Лишь много лет прожив вне России, я научился ценить набоковскую манеру мышления, его видение в целом, с идеей как бы потустороннего сосуществования двух миров: России внутри нашего сознания и чужой страны вовне — писательский прием, коренящийся в картезианском противопоставлении души и тела. Эта концепция внутренней раздвоенности породила целый новый жанр — русский роман в изгнании. Сознательное развитие этого жанра по праву принадлежит Набокову, и только ему.

Этот пересмотр образа Набокова в моем сознании привел к нашей второй воображаемой встрече. Мое отношение к писателю коренным образом изменилось, когда мне в руки попались его интервью и публицистика, изданные под заголовком «Твердые суждения» («Strong Opinions»). Даже заранее заготовленные и тщательно отрепетированные остроты и каламбуры — эти искусственные драгоценности, украшавшие тексты его интервью, — не могли скрыть от меня Набокова, совершенно не похожего на того, каким он представлялся мне как читателю его романов. Мой собственный опыт выживания на Западе заставил меня оценить его литературное бесстрашие. Однако самым поразительным было то внимание, которое он уделял моему — советскому — прошлому. Он был осведомлен не только о трагической судьбе и идеологических столкновениях таких великих изгоев режима, как Мандельштам или Ахматова. Ему было хорошо известно и о хитроумных литературных приемах и стилистических уловках, к которым приходилось прибегать большинству советских писателей, чтобы избежать смирительной рубашки советской цензуры. Его проницательность в понимании ситуации поражала. Его резкие высказывания по поводу дешевой религиозности и политического обскурантизма «Доктора Живаго» раскрепощали своей интеллектуальной вольностью, как и его более поздние иронические замечания о Солженицыне. Облегчением было услышать и трезвое суждение о дешевой сентиментальности Достоевского. Все это шло вразрез с общепринятыми мнениями на литературу и политику в кругах российской либеральной интеллигенции той эпохи.

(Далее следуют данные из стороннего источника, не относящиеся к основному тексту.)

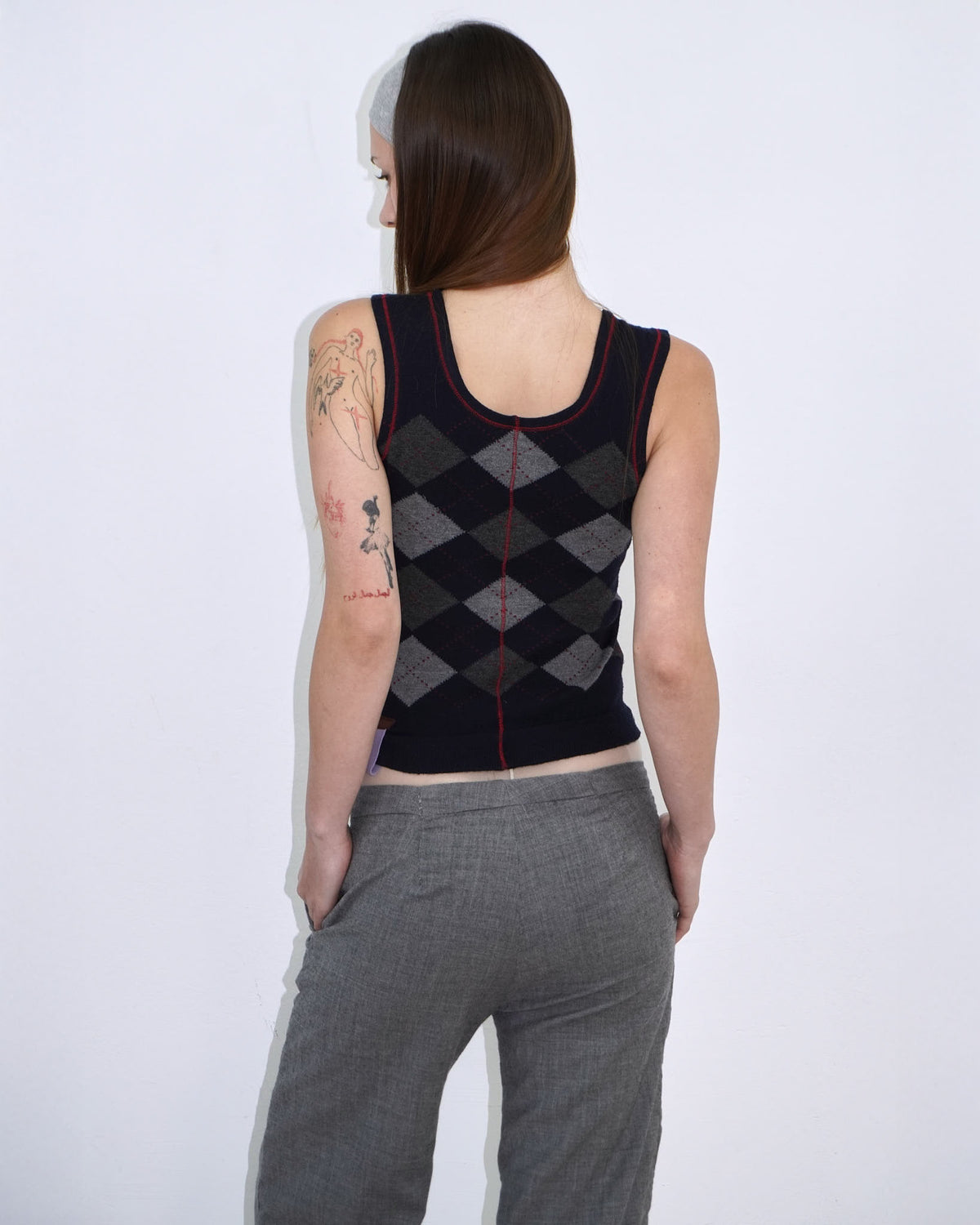 dark blue argyle plunder-style knit top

Я был потрясен. Ощущение было такое, будто в башне из слоновой кости сняли охрану при входе и надменный, холодный эстет, спустившись к нам, оказался нашим современником, страстным, весь в тревоге и волнениях, уязвимым и настороженным, агрессивным с врагами, заботливым по отношению к друзьям.

Не теряя времени, я взял на себя смелость отобрать для Би-би-си те отрывки из интервью в сборнике литературных выступлений Набокова «Твердые суждения», которые затрагивают эмигрантскую сторону набоковианы и которые в то время были практически неизвестны русскому читателю. Я отобрал из книги не вырванные из контекста цитаты, а отдельные вопросы вместе с ответами на них, целиком, без каких-либо изменений или сокращений. Собранные воедино, эти вопросы и ответы, зачитанные по радио, стали звучать как новое или «воображаемое» интервью с Владимиром Набоковым о его отношении к России и русской литературе в эмиграции. Это «состряпанное» мной подобие «новой беседы» с Набоковым вышло в эфир русской службы Би-би-си в 1986 году. В тот период своей жизни я был регулярным автором парижского «Синтаксиса» (его редактировала супруга Андрея Синявского Мария Розанова). Я дружил с Синявскими, так что не удивительно, что текст дошел до них, был прочитан, оценен и в конце концов появился в «Синтаксисе» без подробной консультации со мной. Предполагалось (вполне справедливо), что я не буду возражать против публикации текста, уже прозвучавшего по радио. И радио-версия, и журнальная публикация получили довольно широкий отклик в России.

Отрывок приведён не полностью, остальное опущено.